31 Mart 2024 yerel seçimlerinde büyük yenilgi alan Erdoğan ve partisi açısında bu sonuç, sadece bir güç/meşruiyet kaybı değildi. Hemen ertesinde Bağdat ziyaretinde yaşanan fiyasko ile birlikte zincirleme “kötü gidiş”in emareleriydi. Arkasından zincire eklemlenen kötü halkalardan bir tane de Erdoğan-Biden görüşmesinin ertelenmesiyle ABD’den geldi.
“Kötü kötüyü çekermiş” mi diyelim; psikolojik/terapötik çözümlemelerde söylenegelen “kendini gerçekleştiren kehanet” mi yoksa?
Bağdat Ziyareti
Bağdat ziyaretinde beklenen sonuç gerçekleşmedi. Zira Erdoğan giderken bu yaz başında KÖH’e yönelik yapacağı “büyük operasyonun” desteğini Irak hükümetinden bulamadığını ve bu stratejik yönelimine ortak edemediğini görüyoruz. Bağdat KÖH’e Ankara’dan farklı baktığını yine vurguladı. Türkiye “terörist örgüt” dese de Irak KÖH’ü daha çok bir siyasi hareket olarak görüyor.
Hiç mi bir şey olmadı? Yine de bir şeyler oldu. Yirmi tane mutabakat ve tutum belirleme anlaşması oldu. Ama hepsini de görüntüyü kurtarma olarak saptayabiliriz.

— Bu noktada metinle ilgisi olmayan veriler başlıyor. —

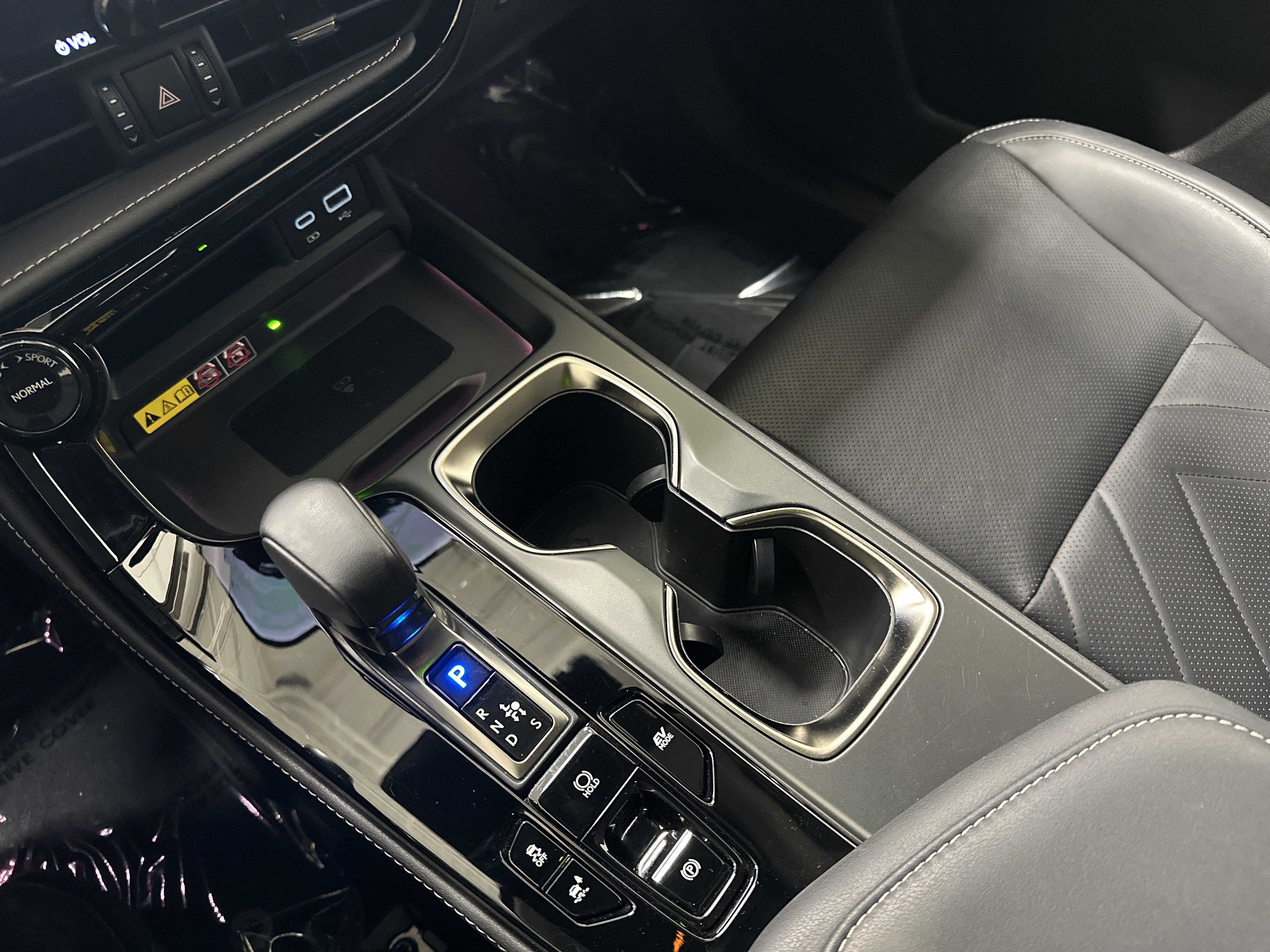 Certified 2024 Lexus NX 350h 350h Luxury w/ Vision Package image 26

Şu bir gerçek ki Irak hükümeti, “KÖH’ün Türkiye’yi tehdit etmesini istemiyoruz ama KÖH’ü de siyasi hareket olarak görüyoruz” diyor ve Türkiye’nin Irak sınırlarından derinlemesine gerçekleştirdiği operasyonlardan da rahatsızlığını dile getiriyor.
Erdoğan’ın Üç Kozu
Kendi stratejisinde ortaklık sağlamak ve ilgili devletleri ikna etmek için Erdoğan’ın elinde üç koz var.

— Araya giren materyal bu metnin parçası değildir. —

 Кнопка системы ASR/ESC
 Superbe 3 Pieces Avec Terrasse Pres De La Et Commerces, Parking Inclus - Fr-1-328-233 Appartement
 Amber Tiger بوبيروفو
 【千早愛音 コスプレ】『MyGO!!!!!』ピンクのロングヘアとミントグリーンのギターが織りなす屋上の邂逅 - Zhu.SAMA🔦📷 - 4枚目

Birincisi “su” meselesi. Burada bir anlaşma sağlandı ama Irak’ın istediği gibi olmadı. İstenen miktarda suyun salınması teklifi Türkiye tarafından kabul edilmedi. Ama de bunun altyapısını oluşturma girişiminde, yani ekonomik olarak ortak yatırım yapma konusunda, prensipte anlaşıldı.
İkincisi ise “kalkınma yolu” projesidir. Faw limanından Türkiye’ye oradan da batıya uzanan ekonomik bir kalkınma yolu. Bunu ABD de destekliyor ve şimdilik Katar, BAE, Irak, Türkiye bu konuda anlaştı, bunda sorun yok. Öyle görünse de aslında bir sorun var: Erdoğan’ın bunu “güvenlik stratejisi” içinde ele alarak hareket etmesi. “Büyük operasyonla” KÖH’ü yenerek yolun güvenliğini sağlayabileceğini iddia etmesi.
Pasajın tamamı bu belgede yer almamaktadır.